In the study, incorporating more grass leys or spring cereals into the crop rotation inevitably resulted in a decline in food production, as high-yielding crops were replaced by less productive alternatives. While in certain cases, the additional benefits of these diversified systems may outweigh the loss of food production, there could be additional strategies to enhance productivity within these systems. For instance, integrating grazing animals into grass leys not only offers extra revenue streams but also potentially enhances soil structure and nutrient cycling.

The research team anticipated observing weed control benefits from adjusting the crop rotation, but these benefits did not consistently manifest in the simulations.
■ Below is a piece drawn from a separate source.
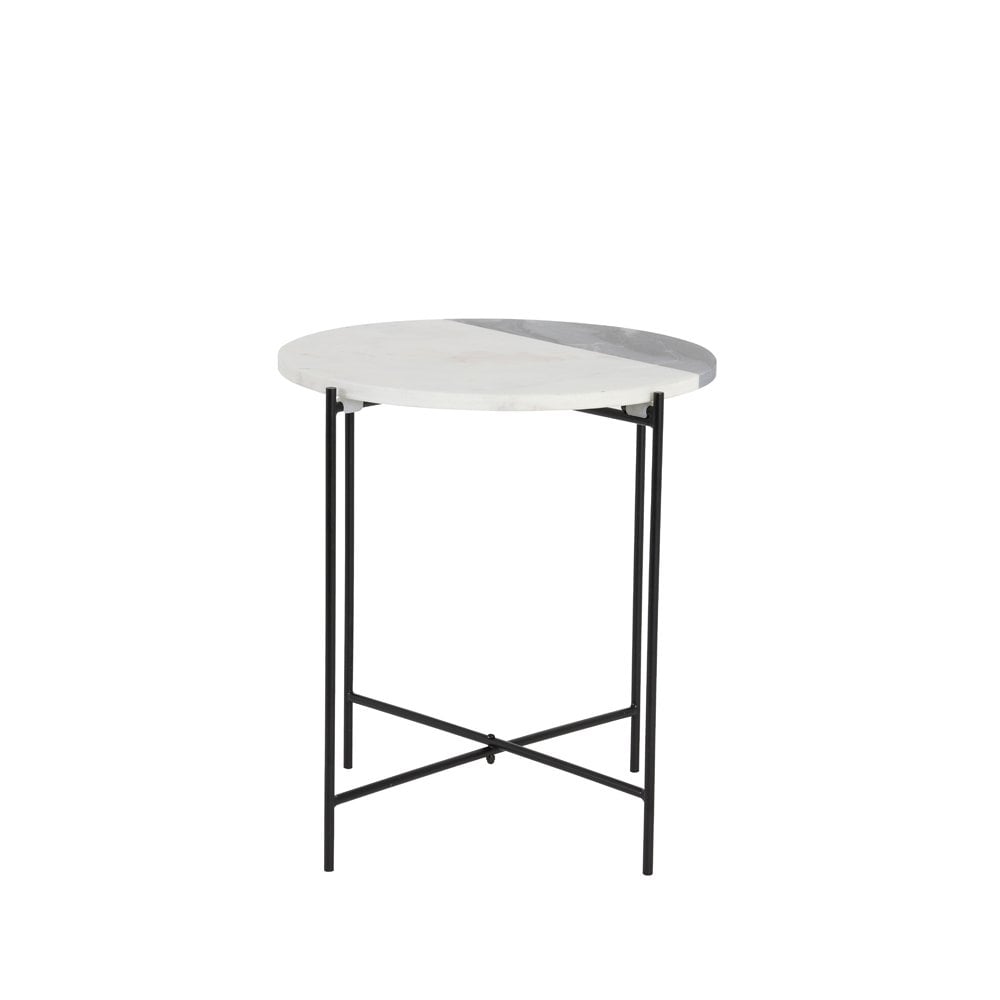 Modern Quillon Side Table in Matte Black and Elegant Marble, 34x37.5cm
It was expected that introducing crops with significantly different management techniques from typical winter cereals would lead to a decrease in weed abundance. This anticipation stemmed from the understanding that the management operations required for these alternative crops would favor a different weed community compared to the one adapted to winter cereals.
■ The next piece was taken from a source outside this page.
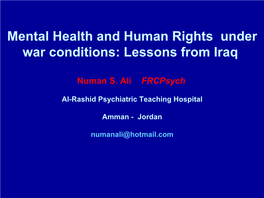 Mental Health Consequences of War and Conflict in Iraq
“Although we saw increased environmental risks related to herbicides used in spring crops, the benefits of spring crops in improving biodiversity in general are clear,” said Metcalfe. “For instance, overwinter stubbles from spring cropping provide conditions for the germination of crucial winter food sources for seed-eating birds. In addition, spring crops themselves can provide breeding habitats and food sources for farmland birds. It is therefore important to consider these trade-offs when implementing such a strategy on farm.” 

Overall, the study team hope that the modelling exercise will encourage more farmers to experiment with alternative weed control strategies.